An Alternative Framework to Capture the Day-To-Day Traffic Flow Evolution After an Unexpected Network Disruption

Abstract

In this study, we proposed an alternative discrete day-to-day dynamic traffic assignment model to capture the evolution of traffic flow after an unexpected network disruption. The model incorporates improved mechanisms for updating travelers' perceptions and learning processes, making it more effective in assessing day-to-day traffic dynamics under disruptive conditions—an aspect often overlooked in previous studies. The framework differs from traditional models in three key ways. First, it introduces a dynamic cost perception updating weight to adjust drivers' anticipation of traffic conditions during disruptions. This weight prioritizes predicted costs immediately after a disruption and gradually shifts to reflect up-to-date experiences as conditions stabilize.
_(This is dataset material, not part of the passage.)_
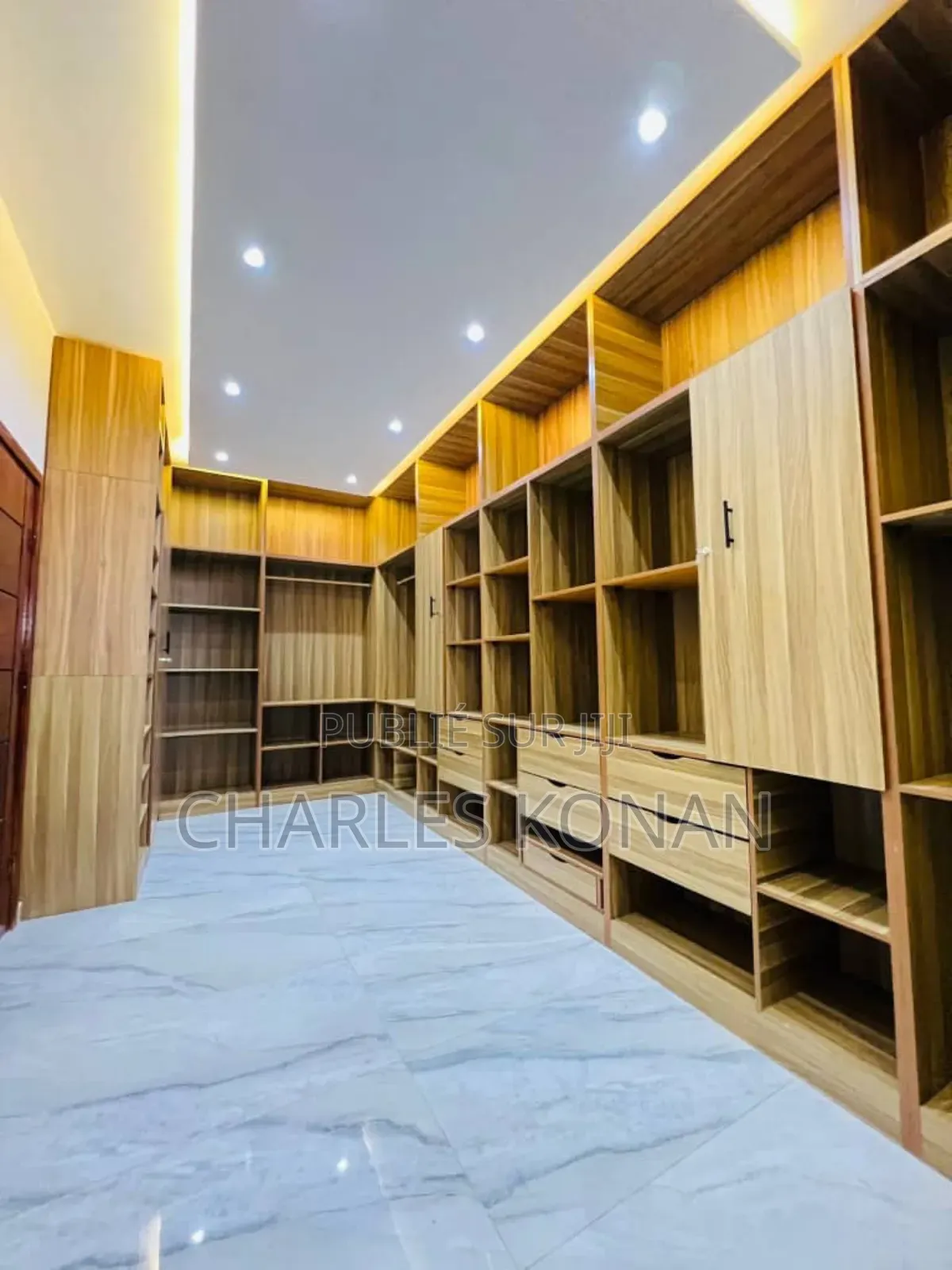 4chbre Duplex dans Bingerville à Vendre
Second, the model employs the Exponential Moving Average (EMA) method for calculating perceived travel costs. Unlike conventional deterministic approaches, the EMA method accounts for travel inertia and emphasizes adaptive learning, allowing for smoother adjustments to disruptions. Third, it adopts a link-based network loading approach, avoiding the limitations of traditional path-based assignments. Numerical examples demonstrate the model’s flexibility and applicability. Applied to a simple test network, it effectively captured both short-term traffic fluctuations and long-term adaptations, highlighting its ability to handle disruptions and realistically model day-to-day traffic flow evolution.